**What the task asks**: Send back the data below exactly. Drop every picture.

**Recorded information**:
————————

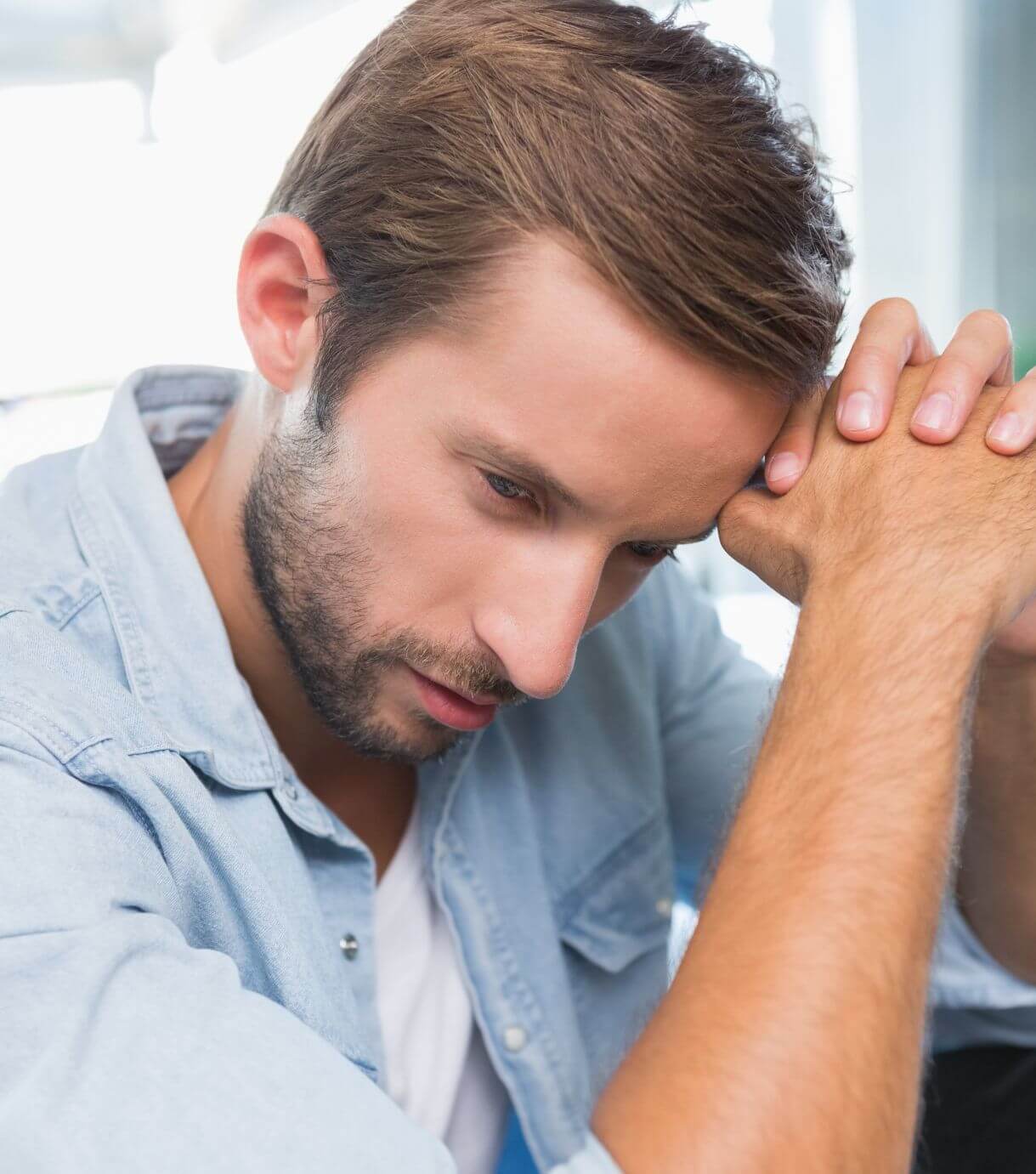 Image of an upset man resting his head against his hands. Discover how to help manage your husband when he feels unappreciated with the help of marriage counseling in Miami, FL.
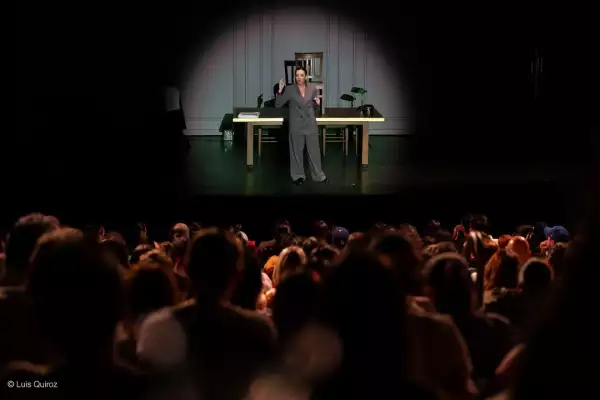 Foto del teatro del centro cultural helénico lleno de personas y al fondo en el escenario se ve a la actriz regina blandón en su papel en la obra Prima Facie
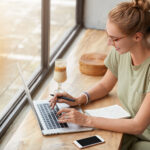 A girl uses a laptop by the window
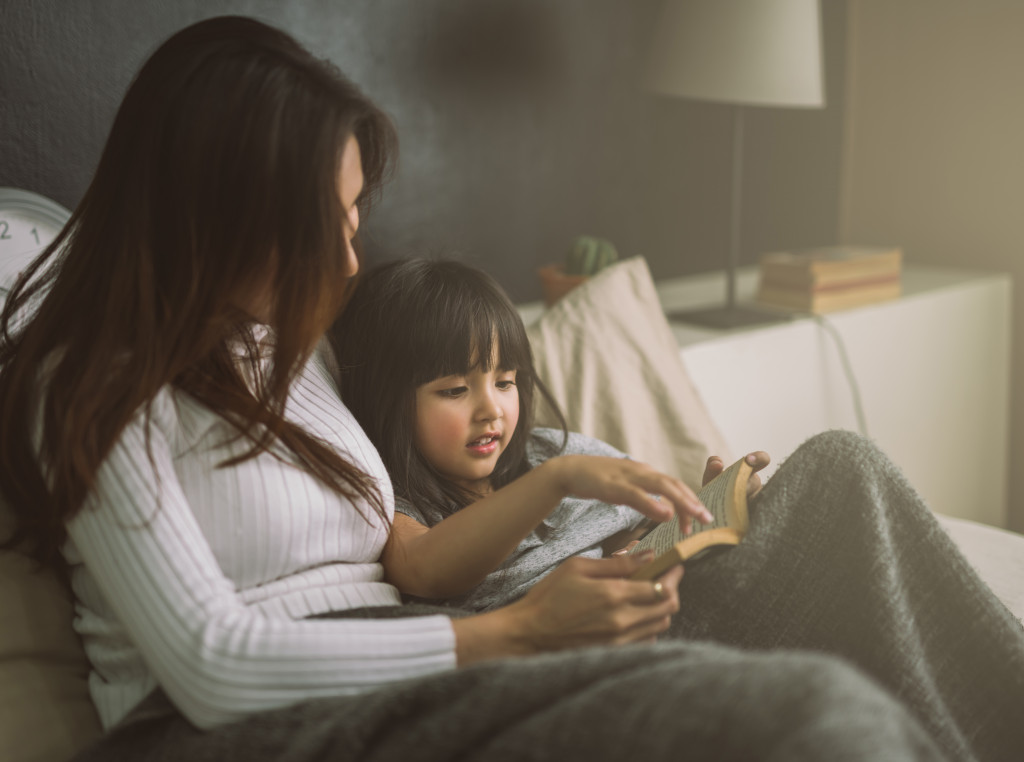 Woman and daughter reading a book in bed.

————————

**Exercise output**:
 Image of an upset man resting his head against his hands. Discover how to help manage your husband when he feels unappreciated with the help of marriage counseling in Miami, FL.
 Foto del teatro del centro cultural helénico lleno de personas y al fondo en el escenario se ve a la actriz regina blandón en su papel en la obra Prima Facie
 A girl uses a laptop by the window
 Woman and daughter reading a book in bed.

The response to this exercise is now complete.